Here’s how they came to their conclusions: They first defined talent management effectiveness and efficiency and ranked their database of companies by quartile. Only those in the upper quartile in both categories were considered top performers in talent management (for detailed information on methodology, see our in-depth article on p. 14). Their financial results were then compared with peers, and here’s what they found:
• EBITDA was $400 million higher than other Fortune 500 companies;
• Net profit margin was $247 million higher;
• Return on assets (ROA) was 48 percent higher;
• Return on equity (ROE) was 27 percent higher.
You’re thinking, “This is about as dubious as thefive-minute exerciser advertised on TV.” I can understand the skepticism. I was, too. But there is compelling AND logical evidence behind the numbers. Let me explain.

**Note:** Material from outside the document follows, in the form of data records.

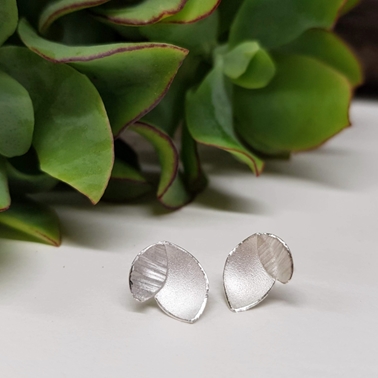 Small Orchid leaf earrings
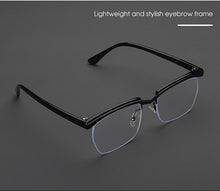 Load image into Gallery viewer, 2023 Anti Blue Ray Half  Eyeglasses Cool Tom Hardy Legend Style Men's Elegant Plain Glasses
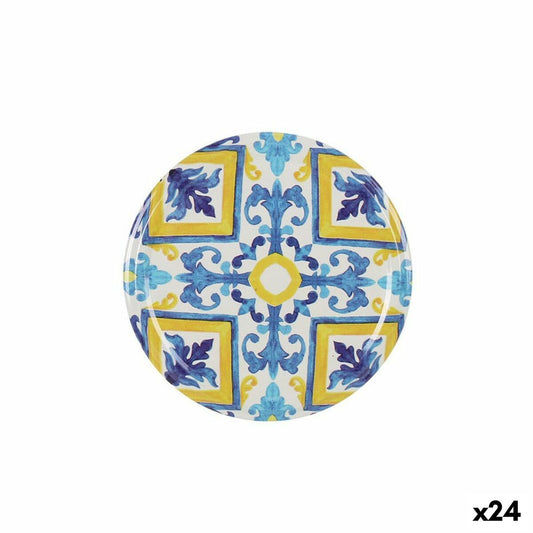 Set of lids Sarkap Mosaic 6 Pieces 8 x 0,8 cm (24 Units) Sarkap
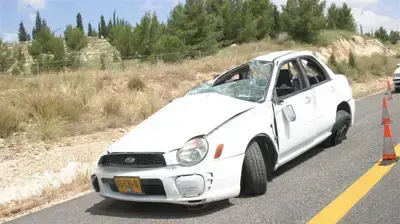 אילוסטרציה תאונת דרכים בכביש חוצה ישראל אילוסטרציה תאונת דרכים בכביש חוצה ישראל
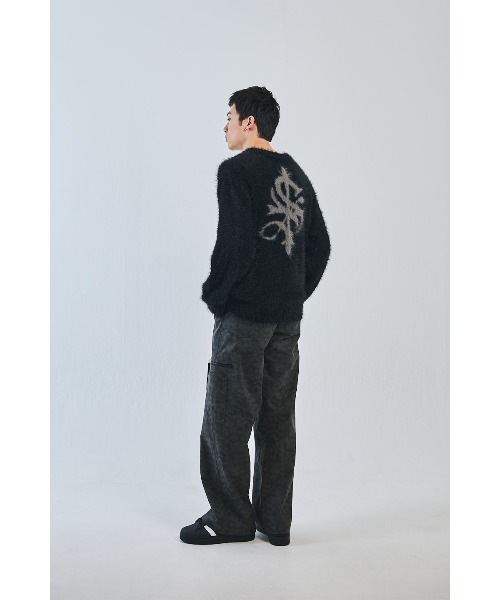 SUPPLIER(サプライヤー)の「ニット|Cross Shaggy Knit|SUPPLIER(ニット/セーター・メンズ・ブラック/ピンク・SMALL/MEDIUM/LARGE/X-LARGE)」の4枚目の写真
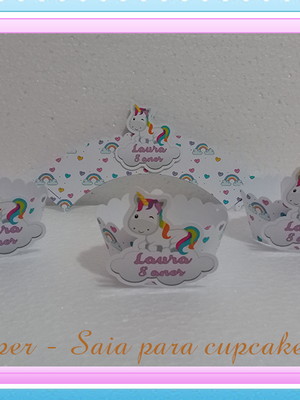 Wrapper - saia para cupcake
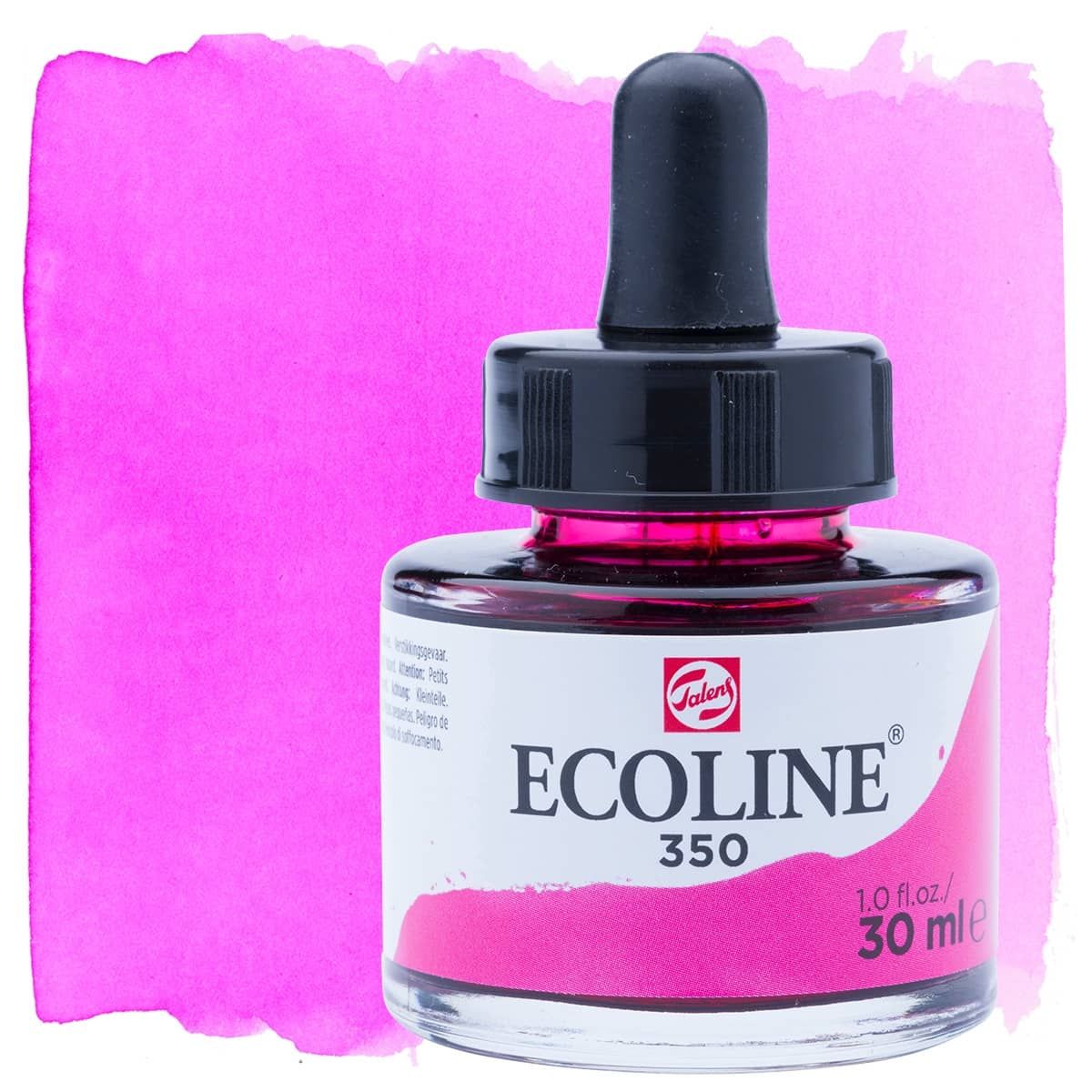 Ecoline Liquid Watercolor 30ml Pipette Jar Fuchsia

According to Hackett, the top performers spend 31 percent less on transactional processes such as total rewards administration and payroll and data management. Where those savings go are to strategic areas such as workforce development and workforce planning. HR has always known that recruiting and retaining the top talent make a competitive difference, and now they don’t need to connect the dots for those number-driven CFOs.
For years, we at HRO Today have espoused the need to get strategic through transformational HRO, and now Hackett is backing us up with data. Remember, data wins over the hearts and minds of CFOs, COOs, and even CEOs every time. This is important stuff because not only does it help direct HR to make the wisest spend, but also it elevates its stature from whiny stepchild to cost-savings champion. Here’s your chance to bask in the spotlight—take it while you’re still under it.
There’s only one thing to do with data like this: share it with as many business leaders you can gather in the boardroom, stop in the hallway, or corral in the parking lot. This is the supporting evidence you’ve been wanting for a long time. When the C-suite see the numbers here, not only will you be invited back to the table, you’ll finally be given a grown-up chair as well.